Process: The true aspect of this pedagogy would manifest itself as the students dictate what they want to write about and then write it and rewrite, with the teacher merely offering suggestions and not teaching. More often then not, process instead focuses on how writing is developed and teachers also give little lessons of basics to help the students along.
Expressive: This one exults the writer and his/her voice, above all things.
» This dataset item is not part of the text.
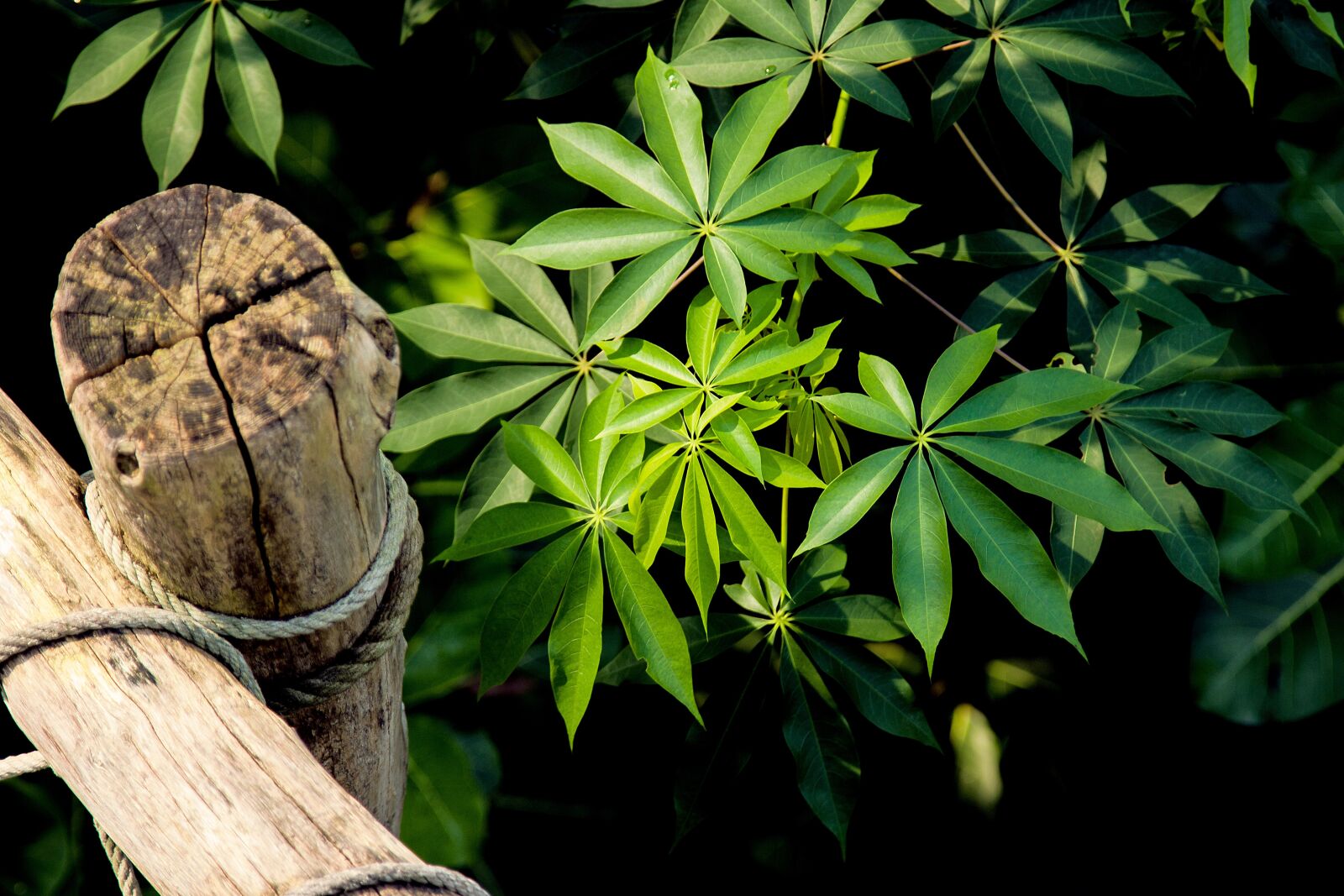 Canon EOS 60D sample photo. Plant, leaves, green photography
The work of writing is in order to discover your voice and where you stand in the world.
Rhetorical: This one harkens back to rhetorical studies of old and is said to encompass “everything.” More specifically, rhetorical process can look at the art of persuasion, in whatever form, and how the different aspects of rhetorical situation make up the pieces – especially how the writers’ understanding of ethos, audience and their purpose contribute to their writing.
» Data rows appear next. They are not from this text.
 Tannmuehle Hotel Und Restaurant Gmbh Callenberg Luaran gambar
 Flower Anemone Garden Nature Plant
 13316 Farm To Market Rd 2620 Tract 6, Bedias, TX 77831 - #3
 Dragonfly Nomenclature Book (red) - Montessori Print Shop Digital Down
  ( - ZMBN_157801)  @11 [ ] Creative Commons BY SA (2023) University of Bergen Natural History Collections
Cultural Studies: This pedagogy explores the differences, tensions and partnerships between different aspects like politics, economics, culture, etc. It is about taking nothing at face value and coming to understand how everything is affected by everything else.
Critical: Functioning similarly to the cultural studies pedagogy, this one also looks at how things work together/influence each other. But it is also about giving students the power – stepping back and letting them look at the struggles going on in the world and allowing them the opportunity to work through them for their own benefit, or, even more so, to strive to make a difference outside themselves.
Feminist: This pedagogy looks at the “other” – what is there that is not being represented, not having its voice heard. It encourages students to write through a narrative lens to add their voices and contribute the stories in an effort to negate the overreaching oppressive arc. It is revealing the hidden corners or culture.